(Data segment)

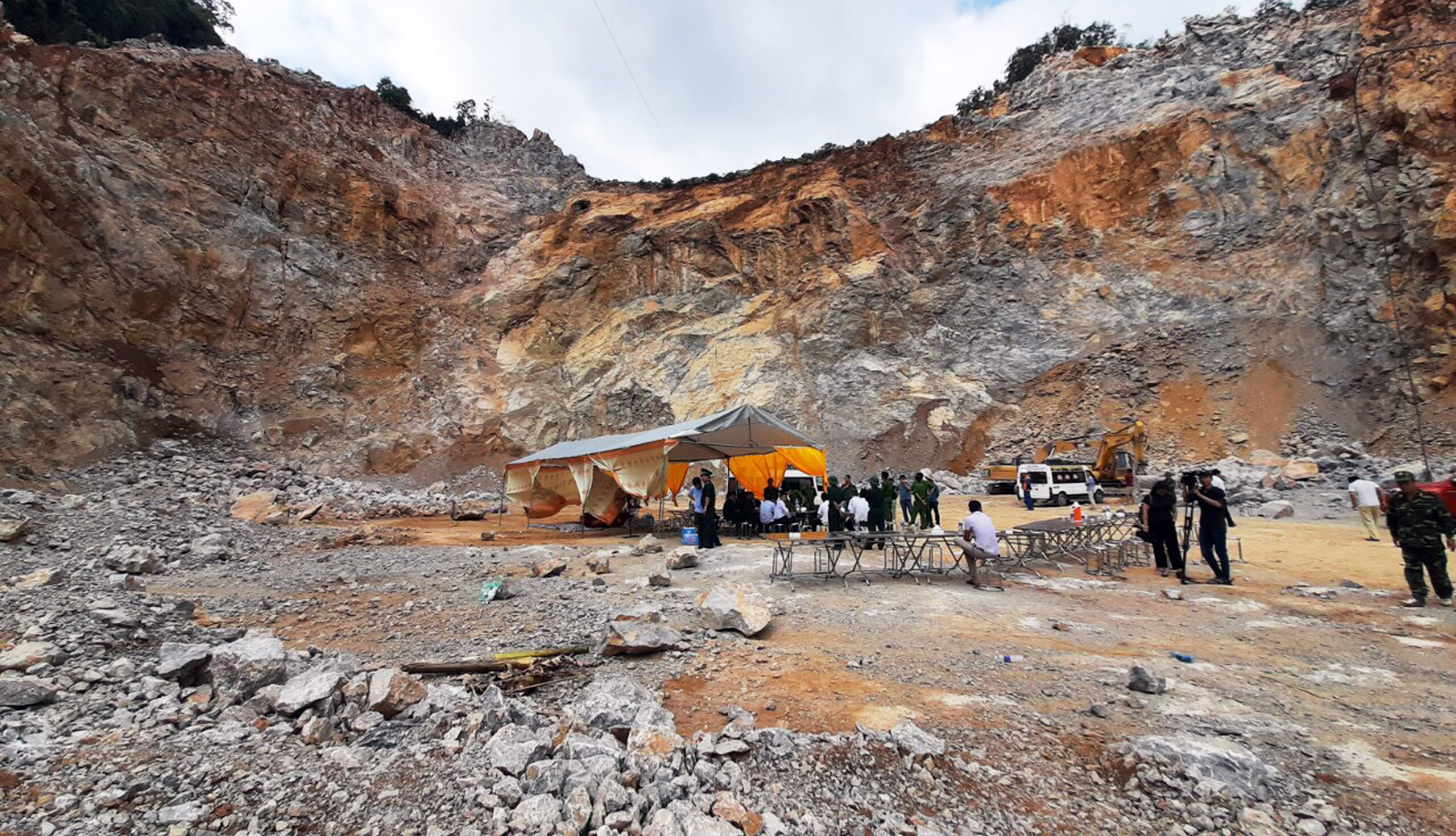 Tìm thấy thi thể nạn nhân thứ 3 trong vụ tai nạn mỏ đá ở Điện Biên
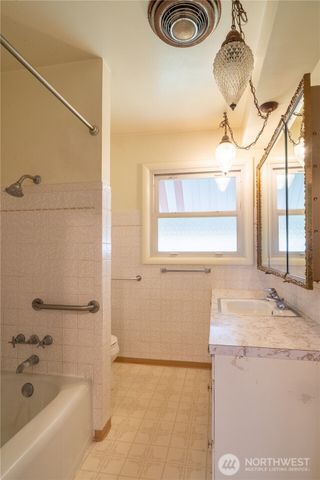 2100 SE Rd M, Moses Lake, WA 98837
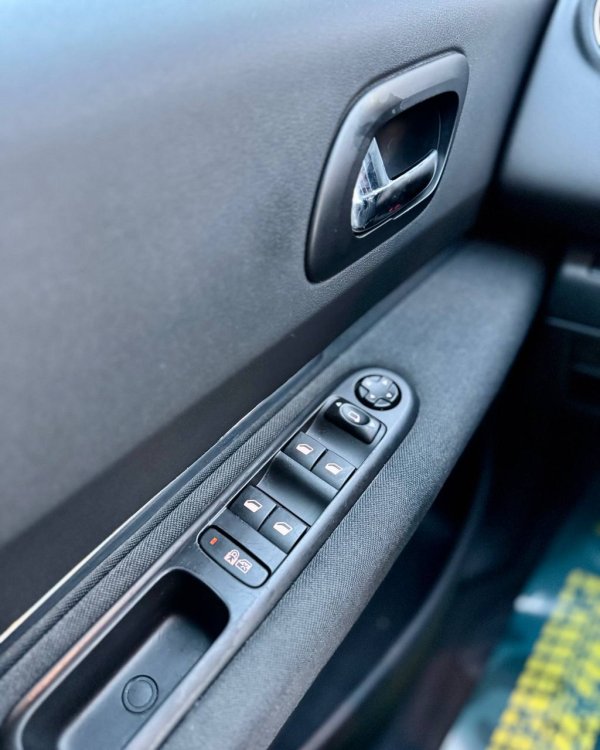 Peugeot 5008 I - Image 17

(End Data segment)

Assignment ::
Would you copy out all the data exactly, without the images?

Task output ::
 Tìm thấy thi thể nạn nhân thứ 3 trong vụ tai nạn mỏ đá ở Điện Biên
 2100 SE Rd M, Moses Lake, WA 98837
 Peugeot 5008 I - Image 17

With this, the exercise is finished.